TO DO:
Once you have located the line containing "Wycieczka Skrzatów i" in the material below, return it exactly along with each line after it through the line containing "Property building, Spring, Natural landscape".

AVAILABLE DATA:
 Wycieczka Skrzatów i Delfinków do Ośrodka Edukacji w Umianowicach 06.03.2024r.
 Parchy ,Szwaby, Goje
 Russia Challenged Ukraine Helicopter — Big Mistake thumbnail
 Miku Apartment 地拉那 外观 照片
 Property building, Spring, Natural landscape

==

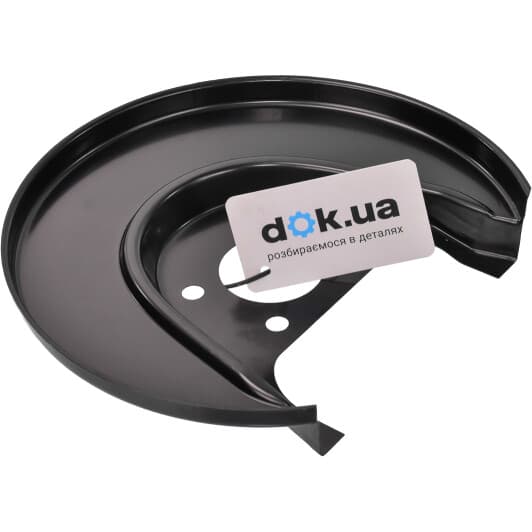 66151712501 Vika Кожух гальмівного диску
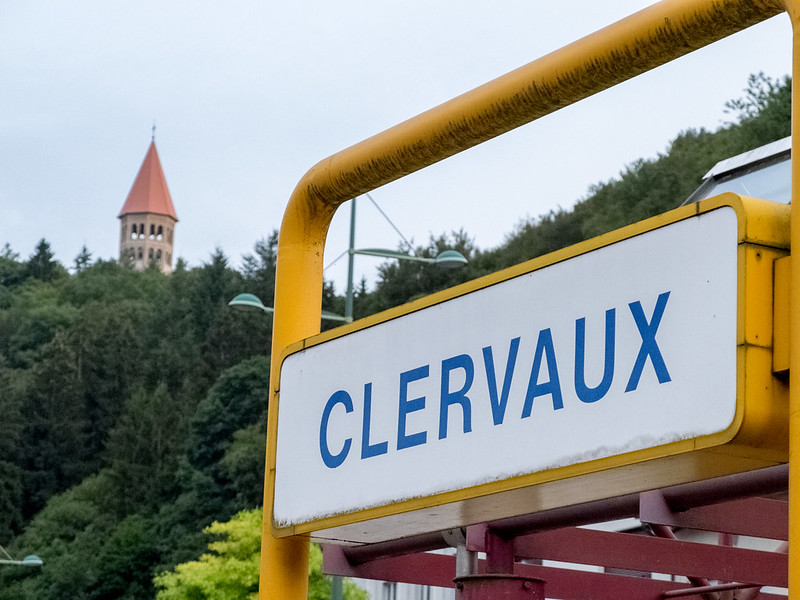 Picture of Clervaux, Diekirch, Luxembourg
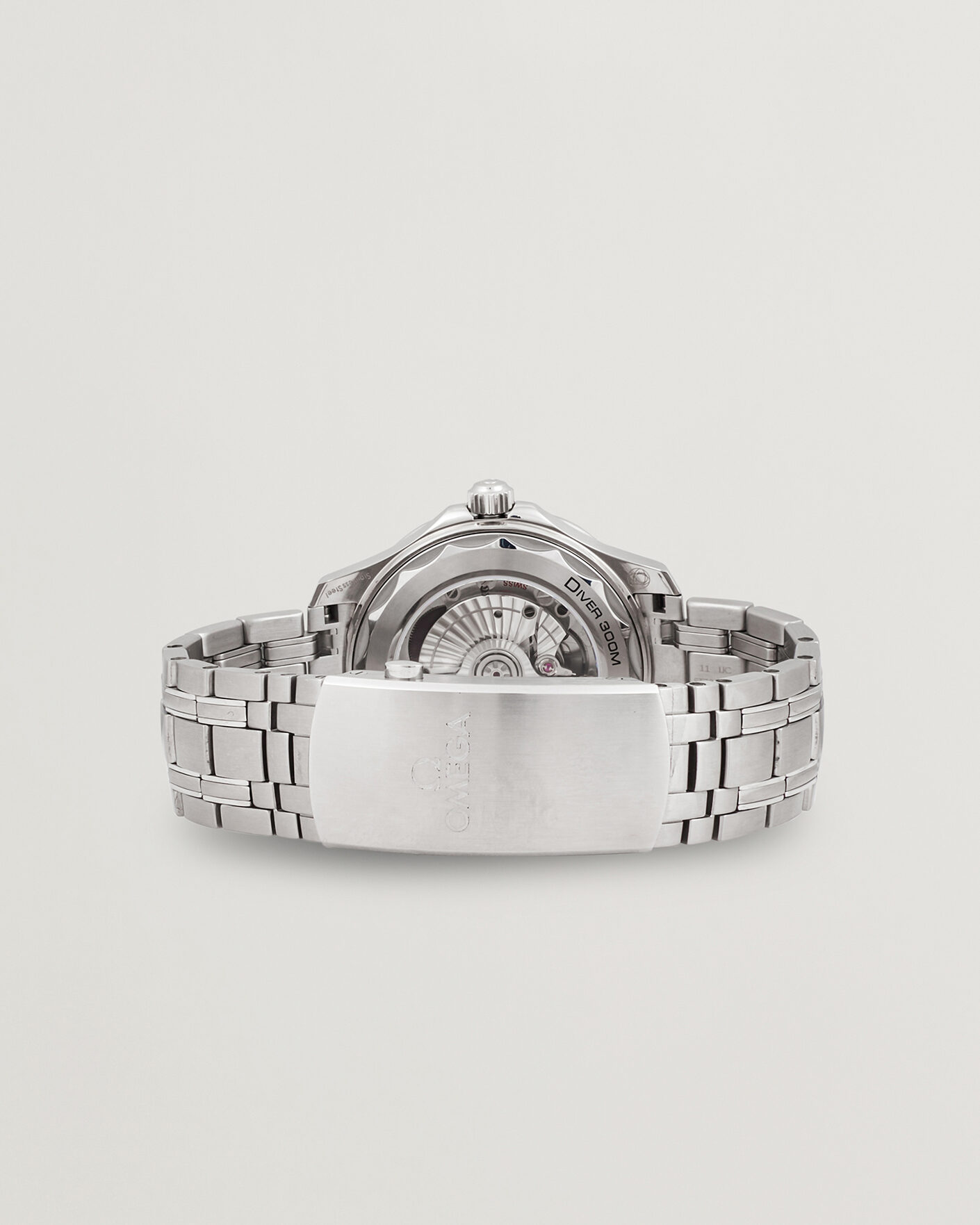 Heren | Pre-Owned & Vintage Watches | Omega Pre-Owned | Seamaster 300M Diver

REPLY TO THE EXERCISE:
 Wycieczka Skrzatów i Delfinków do Ośrodka Edukacji w Umianowicach 06.03.2024r.
 Parchy ,Szwaby, Goje
 Russia Challenged Ukraine Helicopter — Big Mistake thumbnail
 Miku Apartment 地拉那 外观 照片
 Property building, Spring, Natural landscape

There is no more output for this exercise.